Remembrance Sunday programme of events
Date: 7 November 2018
Time: 12:39
This year’s Remembrance Sunday, November 11, marks the centenary of the Armistice that brought to an end to the hostilities of the Great War.
This special programme of events will mark the anniversary.
- At 06:00 on Remembrance Sunday, a lone piper at St Magnus Cathedral will join 1,000 individual pipers from across the United Kingdom and the world as they bring in the day’s commemorations with the traditional Scottish lament Battle’s O’er, played at the end of battle.
- At 10:30 the traditional Remembrance Sunday parade will commence. Veterans, Army and Sea Cadets and other groups will muster at the Royal British Legion, setting off shortly afterwards to form up on Broad Street.
- A short service, led by the Salvation Army Captain will lead to a two minutes silence at 11:00, before a special armistice Service takes place in the Cathedral, which culminates with the Cathedral bells ringing at 12:30.
- At 15:00, Orkney’s young people will join forces with Orkney Rocks! choir and others to remember those lost, and the impact the war had on those left behind, in a special concert at the Orkney Arts Theatre. Admission will be free, and there will be an opportunity to make a contribution to the charity, Help for Heroes. Tickets are available at the OIC Customer Services in Kirkwall and the Warehouse Buildings, Stromness.
- At 15:30 the public are invited to Scapa beach to see a large-scale portrait created in the sand of Orcadian soldier Lieutenant Robert Taylor MC, killed during WWI, for Danny Boyle’s 14-18 NOW project, Pages of the Sea. Due to limited parking people attending are encouraged to use a free shuttle bus service leaving the Great Western Road car park at 15:00 (and 15:00 if required), returning at 16:30 (and 17:00 if required). Some additional car parking will be available in the field next to the Sea Cadets’ building.
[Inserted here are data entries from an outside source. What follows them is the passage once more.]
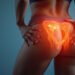 trochanteric bursitis: 7 Proven Ways to Stop Hip Pain Fast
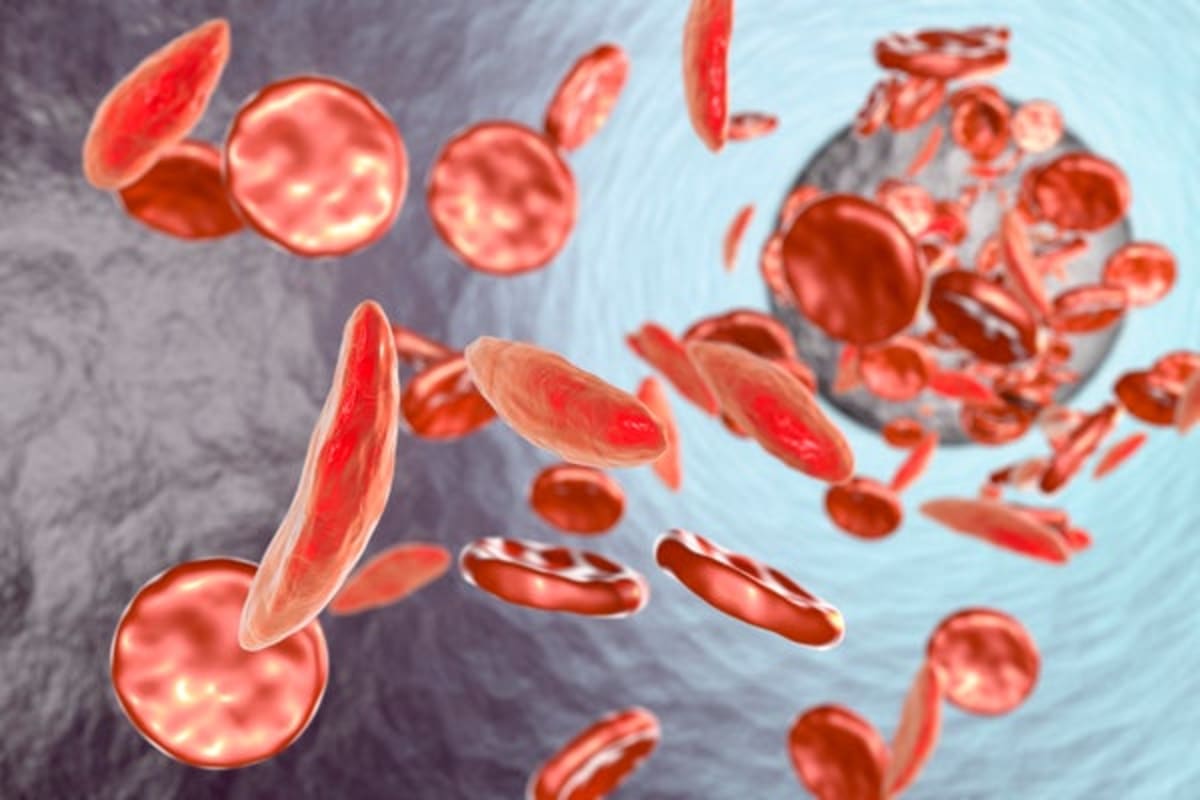 Gene Therapy Cures Sickle Cell Disease After 20-Year Quest - Image 2
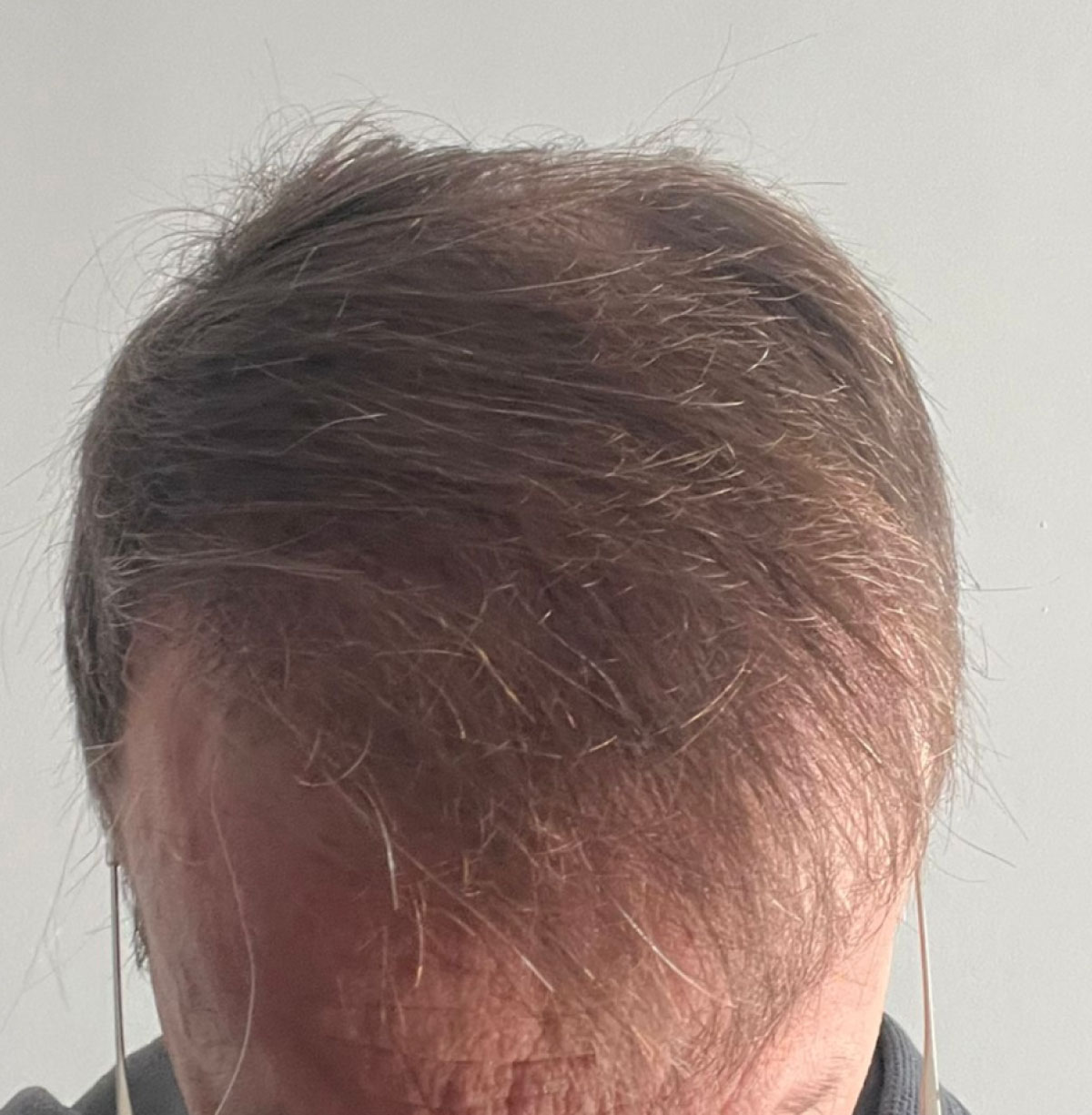 caso implante capilar-3-despues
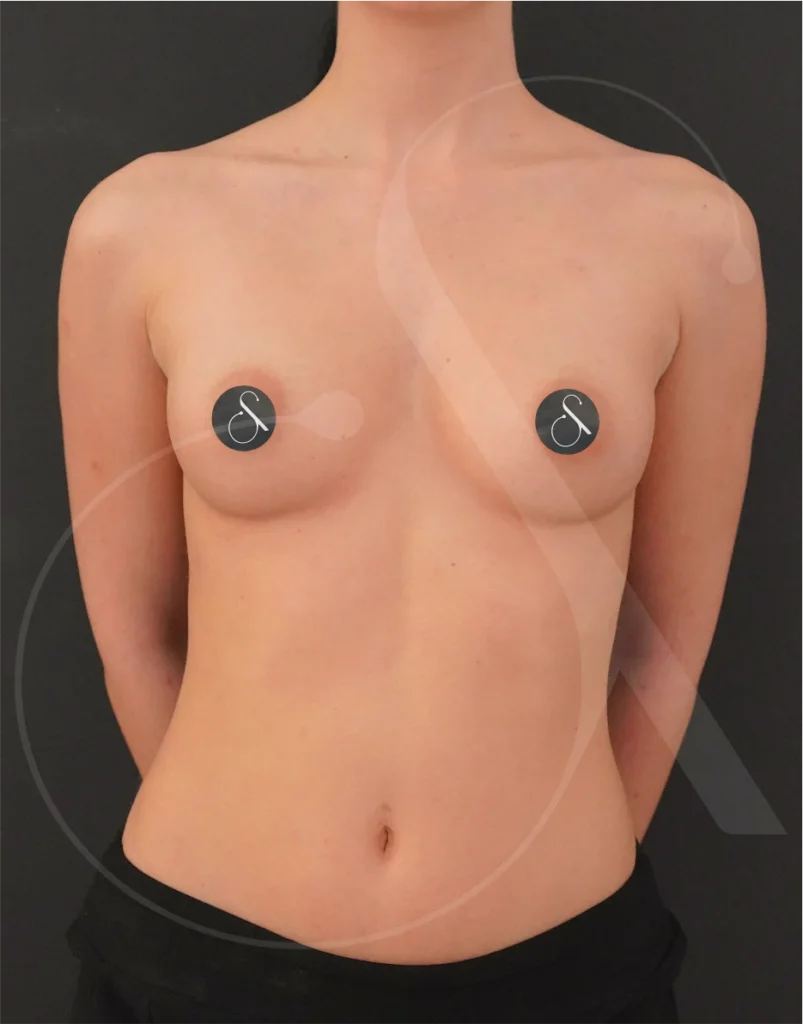 plastic-surgery-clinic-case-study-augmentation-2-3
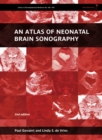 Image for An atlas of neonatal brain sonography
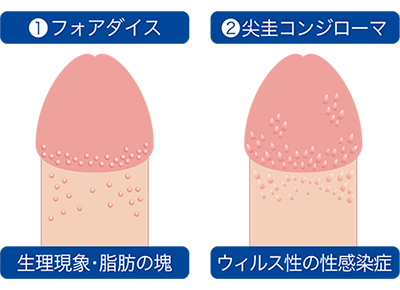 亀頭周囲のぶつぶつ除去 ： 男性器（包茎、長茎など）：美容外科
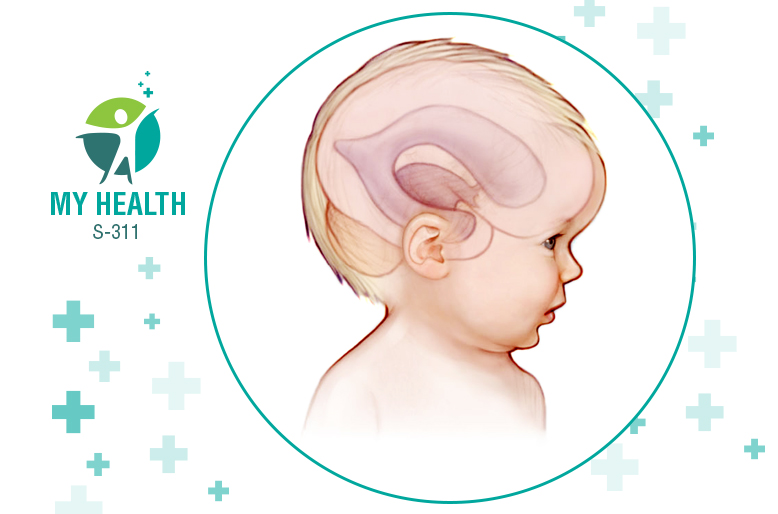 Measurement of the circumference of a 14 months old baby's head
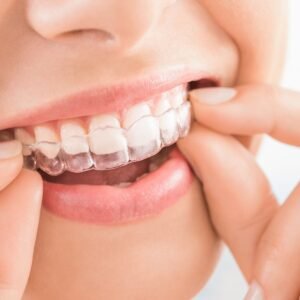 Invisalign can fix your smile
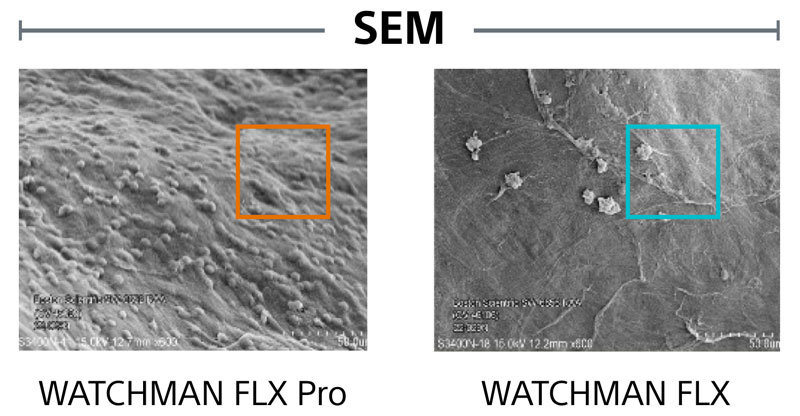 SEM comparision imagesbetween WATCHMAN FLX Pro and WATCHMAN FLX.
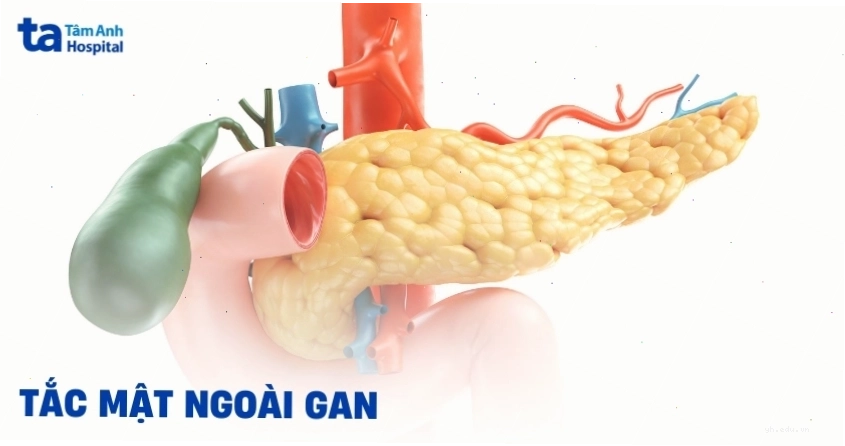 Tắc mật ngoài gan là một biến chứng nguy hiểm cần lưu ý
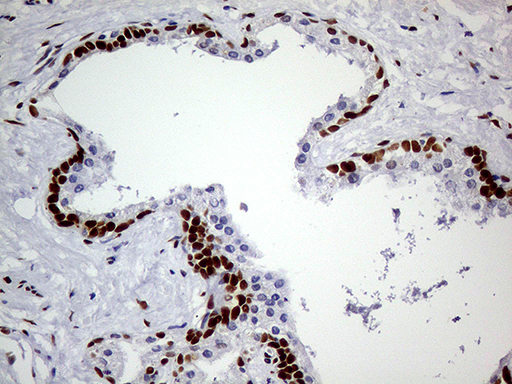 MEIS1 Antibody - Immunohistochemical staining of paraffin-embedded Carcinoma of Human prostate tissue using anti-MEIS1 mouse monoclonal antibody. (Heat-induced epitope retrieval by 1mM EDTA in 10mM Tris buffer. (pH8.5) at 120°C for 3 min. (1:500)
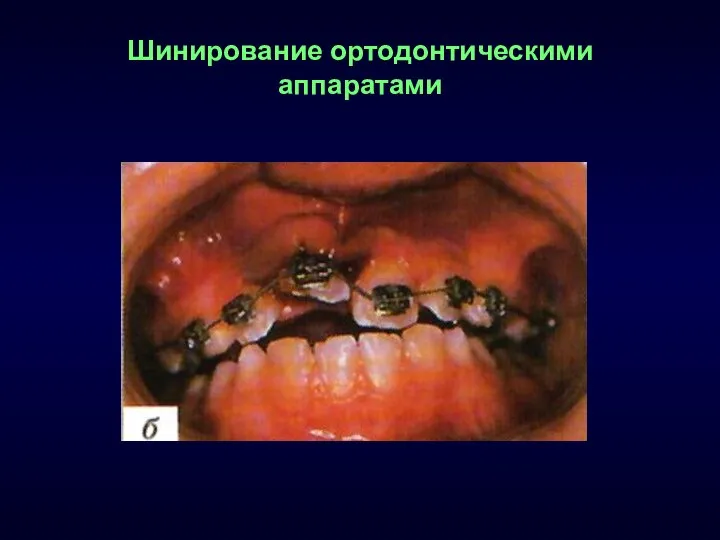 Шинирование ортодонтическими аппаратами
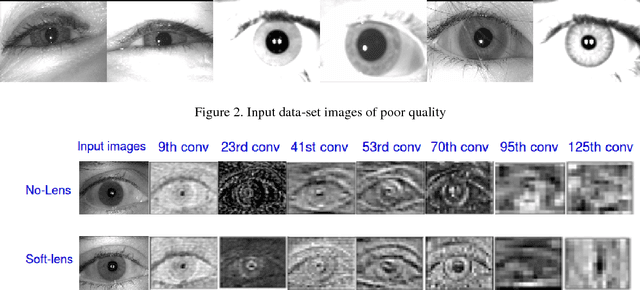Figure 4 for GHCLNet: A Generalized Hierarchically tuned Contact Lens detection Network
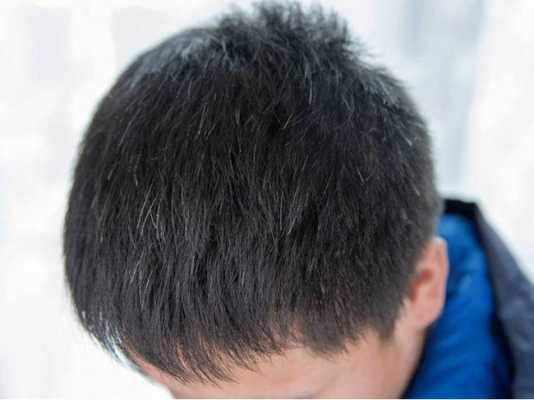 为什么少年会长白头发（为什么少年会长白头发?）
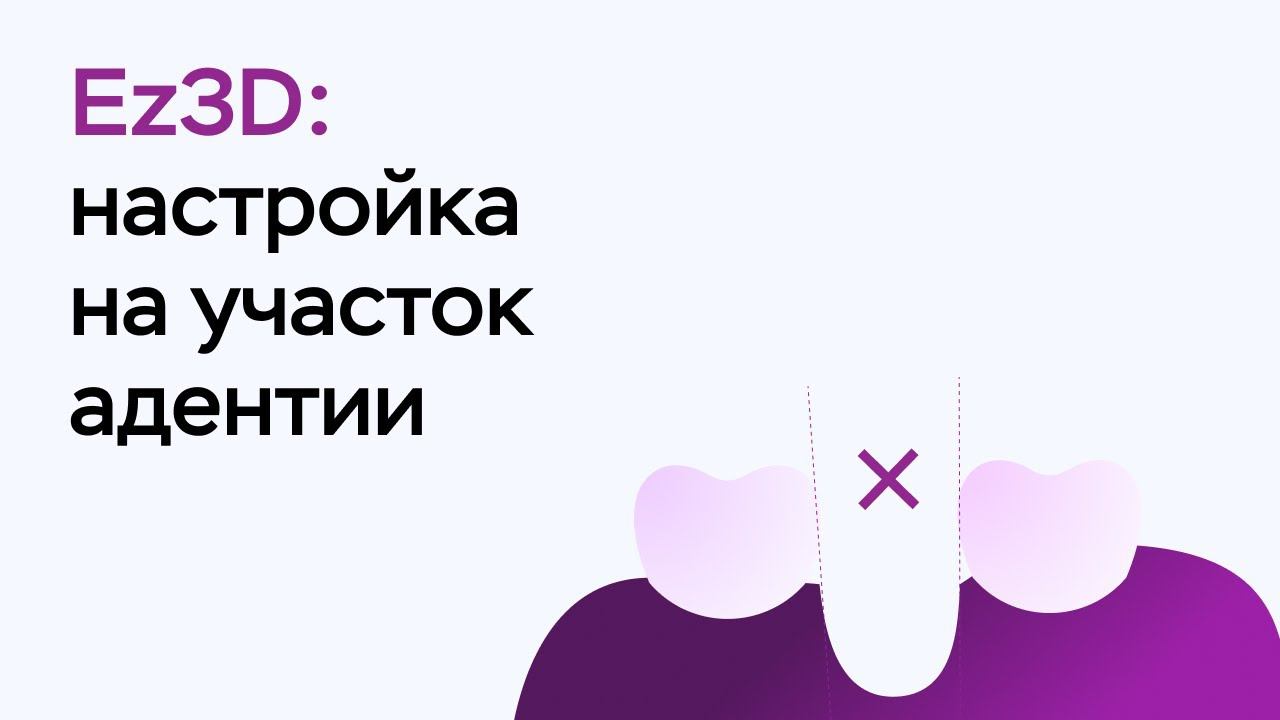 Возможности программы Ez3D: настройка на участок адентии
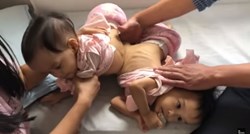 Sijamske blizanke spojene trbuhom stigle u Australiju na operaciju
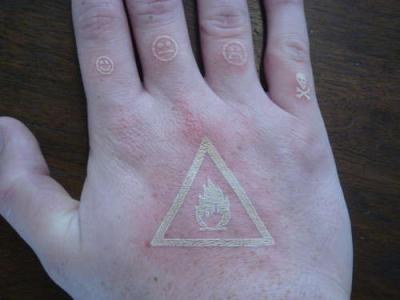 Laser Tattoo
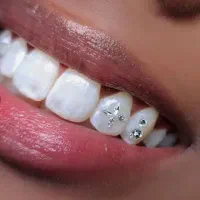 نگین دندان توسط دندانپزشک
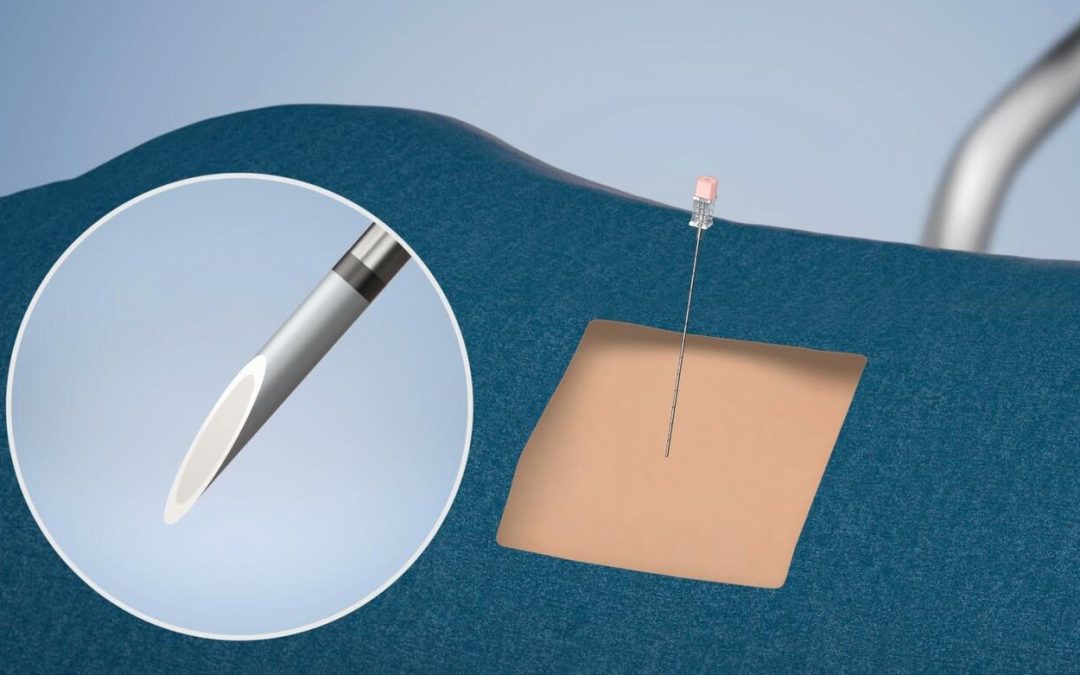 Ultrasound-guided pigtail for pleural effusion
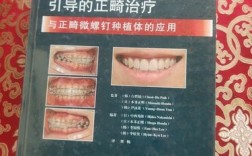 正畸相关牙周治疗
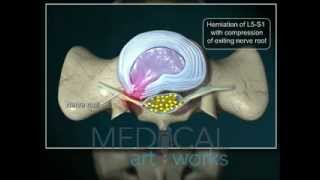 3D Medical Animation  L5S1paracentraldischerniation with compression of nerve root [upl. by Jahn986]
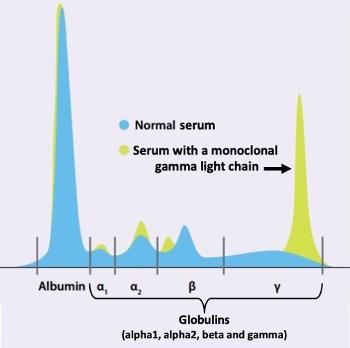 Serum protein electrophoresis to identify a monoclonal serum light chain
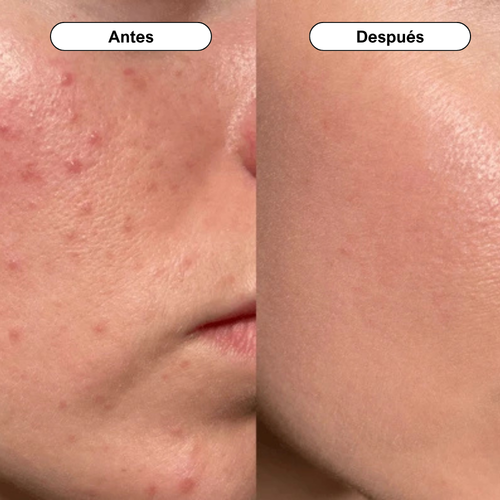 Dr. Althea 345 | Crema Calmante Anti Acné y Rosacea
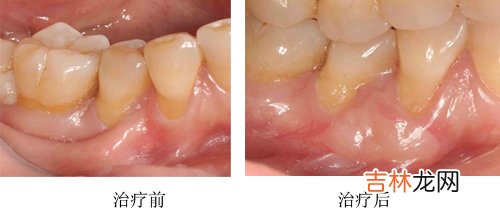 唇带附丽过低有什么影响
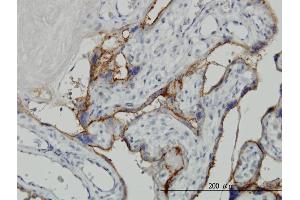 Immunoperoxidase of monoclonal antibody to ALPPL2 on formalin-fixed paraffin-embedded human placenta.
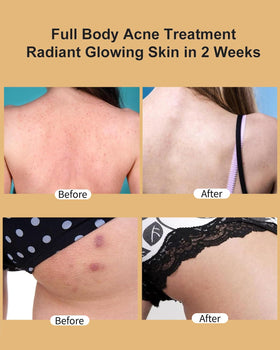 TTLALA being applied to buttocks demonstrating soothing relief and quick absorption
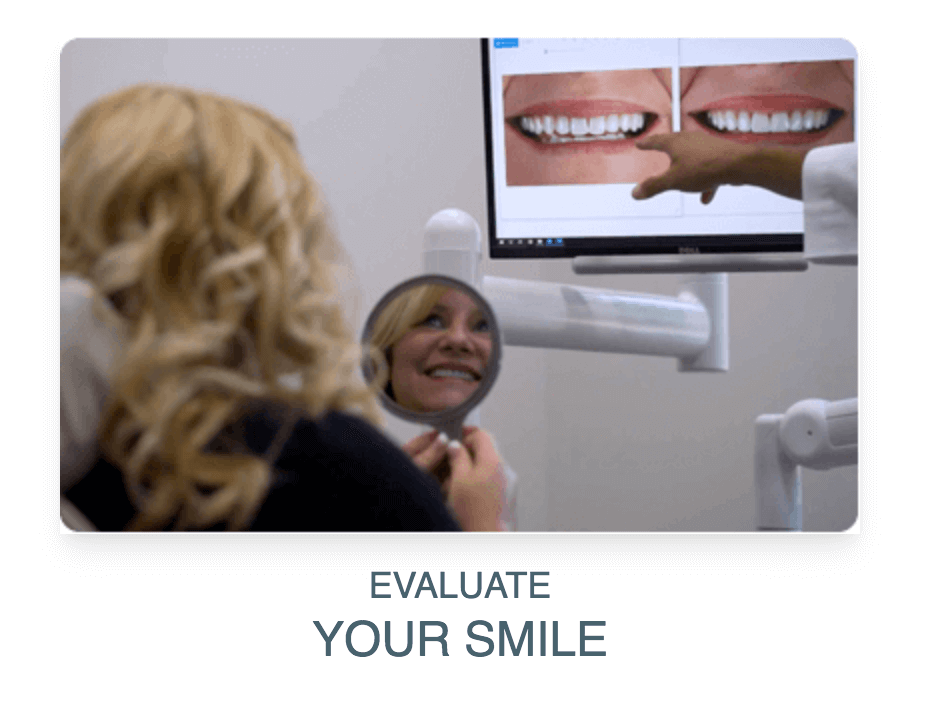 evaluate your smile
- At 18:55, a lone bugler at the St Magnus Cathedral will join 1,000 individual buglers from across the UK and oversees territories in sounding the historic Last Post.
- This will be followed by the lighting of a beacon on the St Magnus Cathedral kirk green at 19:00 as part of the national “Beacons of Light” event which will see beacons lit across the country, symbolising an end to the darkness of war and return to the light of peace.
- St Magnus Cathedral will remain the focus as, at 19:05pm, the bells will ring alongside 1,000 others across the nation and beyond.
- Between 17:00 and 20:00 the short film specially commissioned by the Kirkwall Townscape Heritage Initiative for the centenary of the armistice will be projected on to the Cathedral — for the last time.